* _About this task_: Only the lines from the one containing "Pantaloni Scurti Barbati" through the end of the entries are wanted, retyped exactly and without pictures.

==== Supplied entries

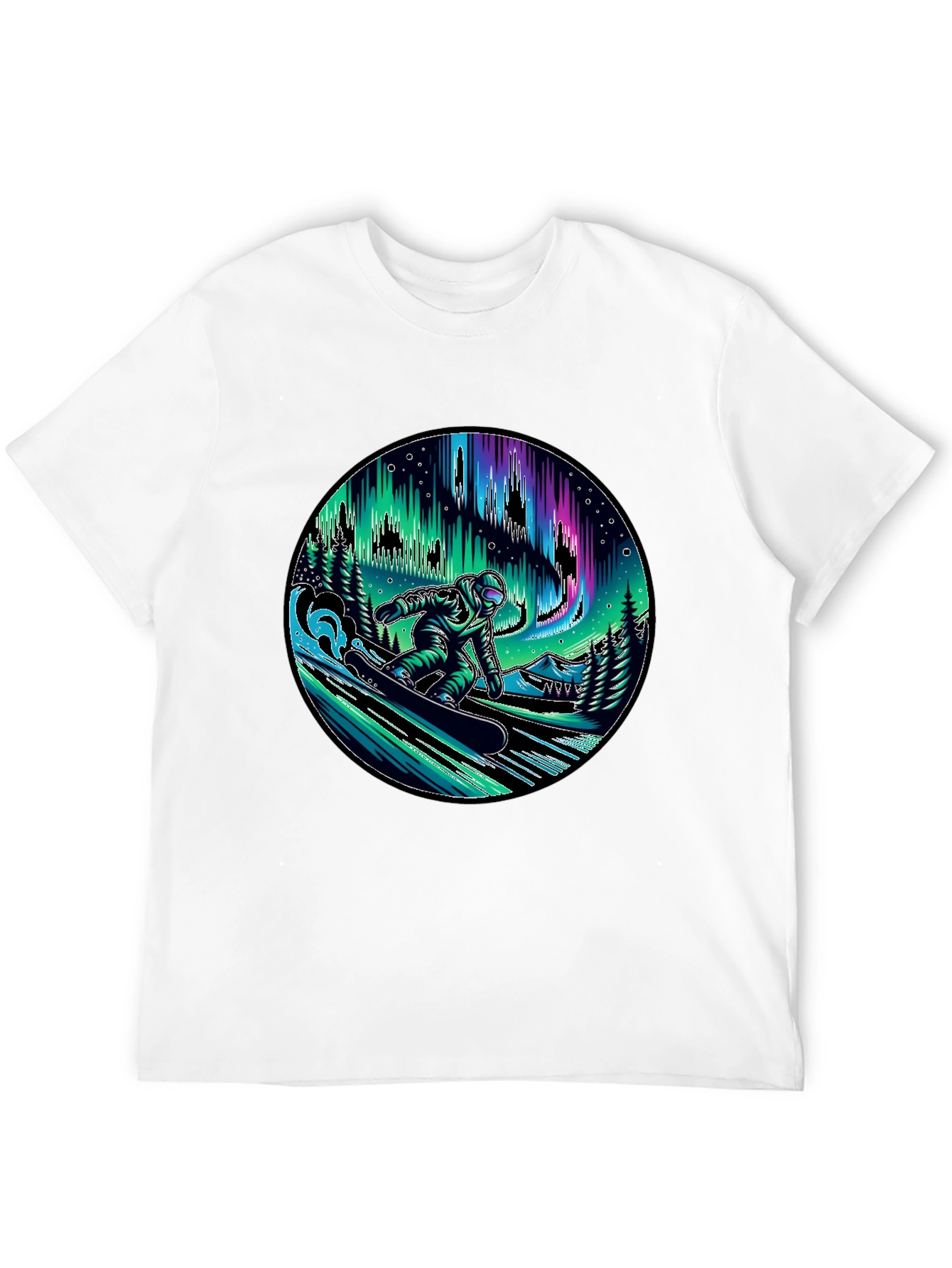 Snowboarder Aurora Graphic Tee - Black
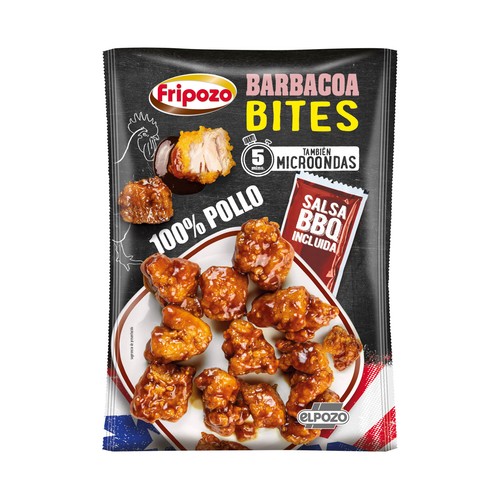 FRIPOZO Trocitos de contramuslo de pollo empanados y con salsa barbacoa 240 g.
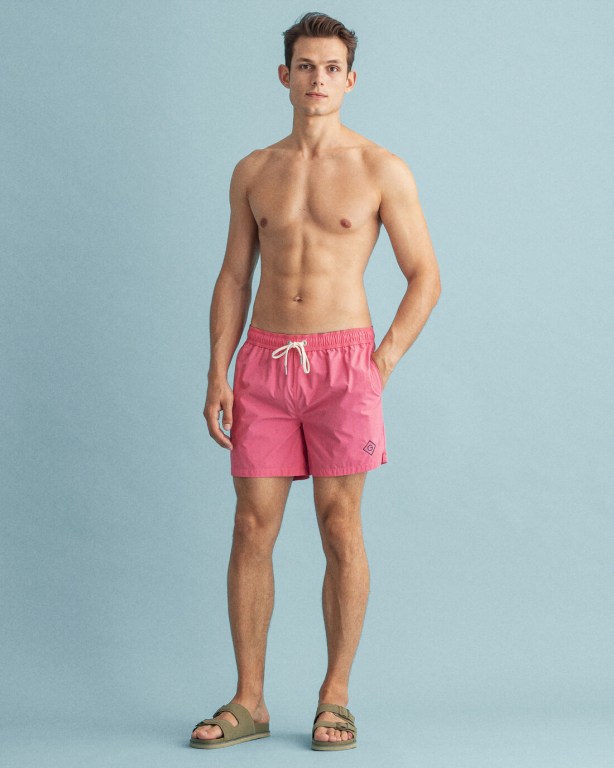 Pantaloni Scurti Barbati Gant Clasici Fit Sunfaded Swim Roz | VmUQScss5U8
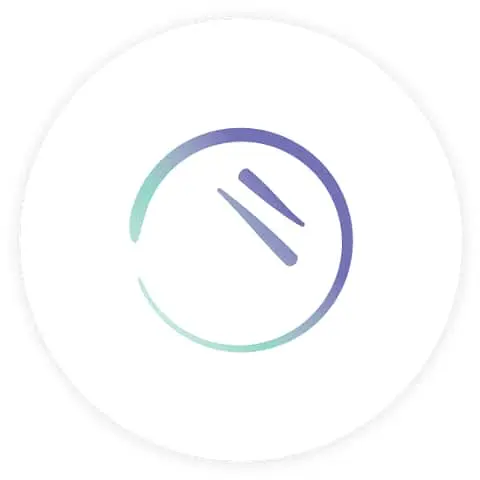 Circular icon with gradient purple and teal outline featuring two diagonal lines in the center.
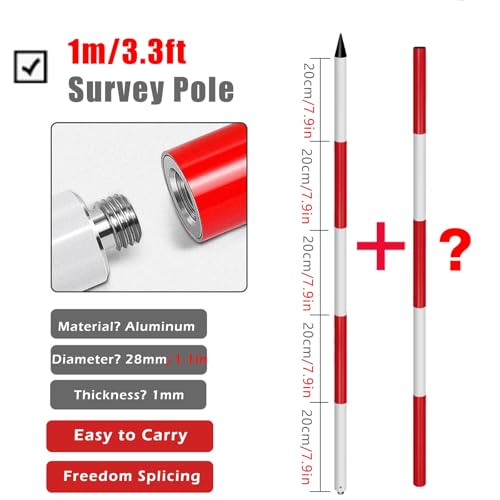 Poste de aluminio para topografía rojo y blanco con punta metálica y bolsa 3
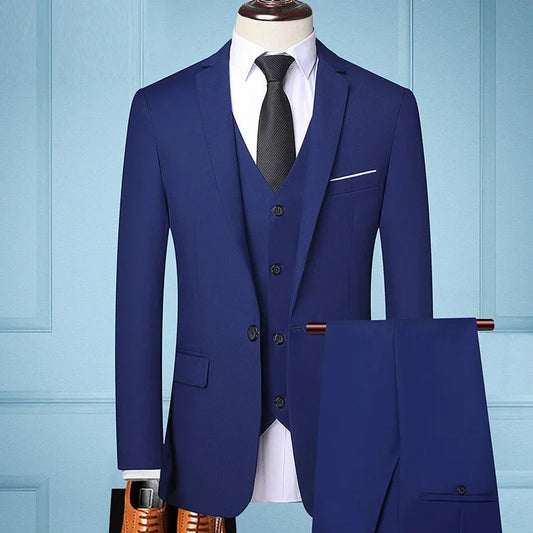 The New Store Offers Discounted Prices  Casual Formal Business Men's Fashionable Gentleman Solid Color All-season Fitted Suit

========

* _Solution for this task_:
 Pantaloni Scurti Barbati Gant Clasici Fit Sunfaded Swim Roz | VmUQScss5U8
 Circular icon with gradient purple and teal outline featuring two diagonal lines in the center.
 Poste de aluminio para topografía rojo y blanco con punta metálica y bolsa 3
 The New Store Offers Discounted Prices  Casual Formal Business Men's Fashionable Gentleman Solid Color All-season Fitted Suit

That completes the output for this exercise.